Flagler Beach -- Carol Giambalvo looks like a typical, active 61-year-old grandmother.
But when the phone rings in her Flagler Beach mobile home, the caller is likely to be a terrified parent, a therapist asking for advice, or a former cult member desperate for help in readjusting to society.
While she's not a psychologist, Giambalvo describes herself as a self-trained "thought-reform consultant." And although heart surgery in 1999 ended her days of traveling cross-country to lead interventions to extricate members from cults, she remains a leading force in the controversial anti-cult movement.
Giambalvo advocates for ethical standards for professionals working to free people from cults. Abductions and forced de-programmings were never her style.

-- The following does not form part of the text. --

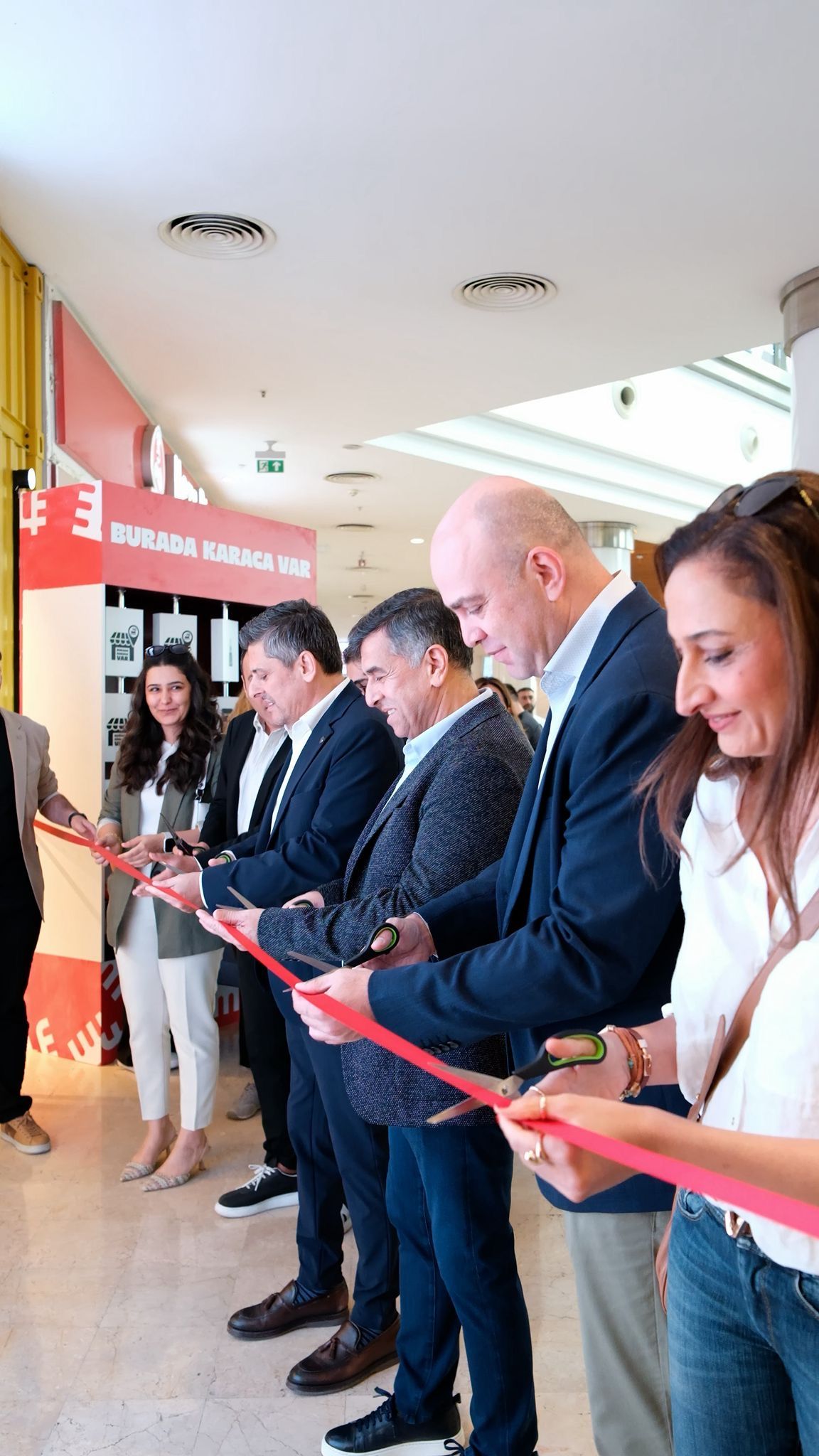 Karaca, Akbatı AVM’de Yeni Mağazasını Açtı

"The ends don't justify the means," says Giambalvo, who's been involved in more than 200 successful voluntary interventions from 1984-99.

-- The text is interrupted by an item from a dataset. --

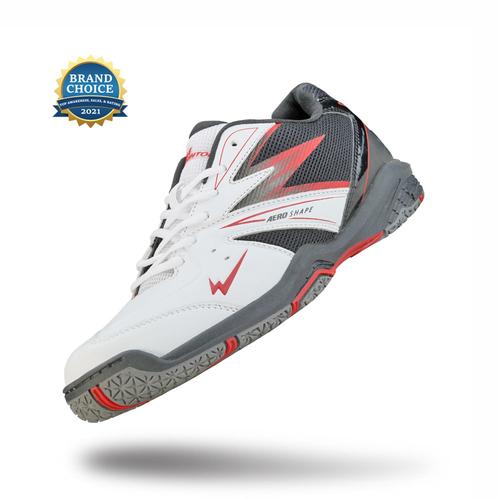 can basketball shoes be used for badminton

Laura Weber believes Giambalvo saved her life.
"If it wasn't for Carol, I would never have realized I was in prison," says Weber, who, as a college student in the early 1990s, became enmeshed in a fundamentalist religious group that controlled every aspect of her life.
For Weber, now a mental health counselor at a rehabilitation treatment facility in Ohio, becoming indoctrinated was a gradual process. She says she was drawn in through what she calls "love balming"-- people in the group offering support and affection during a vulnerable time in her life, as well as outright manipulation.
Giambalvo said people "absolutely do not join cults. What they join is something that looks wonderful, that gives them a feeling of belonging and a purpose in life."
Weber said she was trained by a cult member who "knew what was best for me in God's eyes" and told her to drop out of college, break up with her boyfriend, work in a low-level job to earn money for the group, and recruit other members.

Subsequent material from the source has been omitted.